El inglés se ha consolidado como el idioma dominante en el entorno digital y el consumo de contenidos multimedia, lo que atrae a las nuevas generaciones de Marruecos. De acuerdo con el análisis de Yabiladi, los jóvenes perciben esta lengua como una herramienta más eficaz para acceder a recursos académicos globales y mejorar sus perspectivas de empleabilidad en mercados internacionales. A diferencia del francés, históricamente vinculado a la administración y la educación local, el inglés es visto como un vehículo de modernización y apertura hacia estándares globales.

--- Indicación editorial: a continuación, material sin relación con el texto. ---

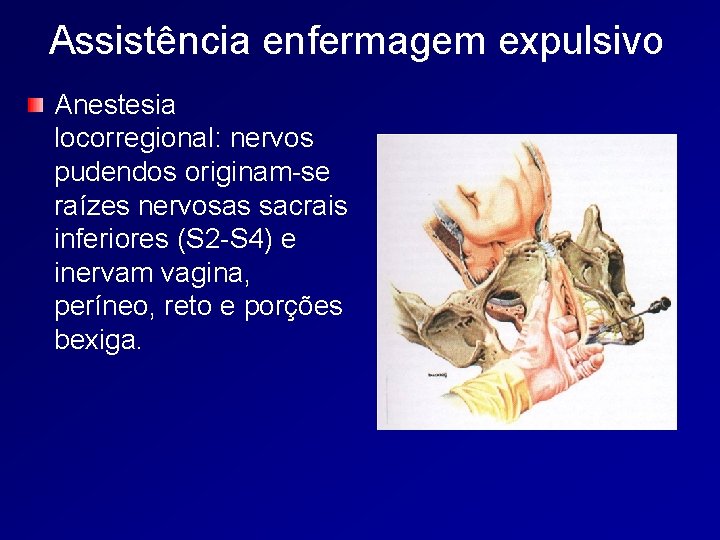 Assistência enfermagem expulsivo Anestesia locorregional: nervos pudendos originam-se raízes nervosas sacrais inferiores (S 2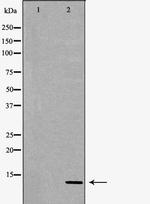 S100A4 Antibody in Western Blot (WB)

El impacto en el sistema educativo y social
La transición lingüística no es solo una tendencia de consumo, sino que comienza a permear en las aspiraciones educativas de los estudiantes. Según detalla Yabiladi, la preferencia por el inglés está obligando a una reevaluación del estatus del francés, que durante décadas ocupó una posición de privilegio en el sistema educativo marroquí. Mientras el francés mantiene su relevancia en ciertos sectores institucionales y comerciales, la brecha generacional es evidente: los jóvenes prefieren el inglés para su interacción en redes sociales, el aprendizaje autodidacta y la proyección de sus carreras profesionales a largo plazo.

Comparativa: El declive de la hegemonía francesa
El informe de Yabiladi contrasta la situación actual con el modelo lingüístico tradicional de Marruecos. Mientras que el francés fue durante mucho tiempo el idioma obligatorio para el éxito socioeconómico, la nueva realidad muestra un escenario más fragmentado donde el inglés compite directamente por la atención del talento joven. Este desplazamiento no solo responde a una preferencia estética o cultural, sino a una estrategia pragmática ante la globalización, donde el dominio del inglés se ha convertido en un requisito estándar en las industrias tecnológicas y digitales que lideran el mercado laboral actual.